Les autres thèmes et critères peuvent fournir aux agronomes des pistes de réflexion pour enrichir les évaluations voire les méthodes à différents niveaux d’organisation. Les services rendus et la complémentarité des modèles d’exploitation pourraient relever de l’évaluation du travail au niveau territorial ?
Quelles perspectives pour l’évaluation multicritère ?
Ce début d’inventaire de l’offre d’indicateurs relatifs au travail dans les méthodes d’évaluation multicritère reste à compléter d’une part via un recensement exhaustif des méthodes et des indicateurs, notamment à l’aide de la base INDIC[1], d’autre part via un inventaire des indicateurs mobilisés dans le cadre d’évaluations multicritères faisant appel à plusieurs méthodes et outils spécifiques.
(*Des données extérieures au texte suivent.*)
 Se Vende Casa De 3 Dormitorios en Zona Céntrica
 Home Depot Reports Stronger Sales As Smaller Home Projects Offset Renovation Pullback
Il offre néanmoins aux utilisateurs de méthodes d’évaluation multicritère une première palette d’indicateurs pour compléter leurs évaluations même si leur intégration dans des outils d’évaluation multicritère n’est pas prévue. Il fournit aussi des sources d’inspiration ou au moins des pistes de réflexion pour les concepteurs de méthodes.
Il serait utile de caractériser toutes les situations d’usage de l’évaluation multicritère par leurs finalités, mais aussi les contraintes, moyens et ressources disponibles, exigences en termes de précision, fiabilité, afin de préciser les lacunes de l’offre.
Dans le contexte de la transition agroécologique et d’évolution des modes de vie qui concerne aussi les agriculteurs, le travail mérite que les lieux de réflexion sur l’évaluation multicritère (par exemple le groupe Evaluation Multicritère du GIS Grandes Cultures) se saisissent de ce thème pour initier un chantier de travail sur l’évaluation sociale et notamment les questions de « changement d’échelle » en la matière et dialogue avec les sciences humaines et sociales : sociologie, ergonomie, droit, par exemple.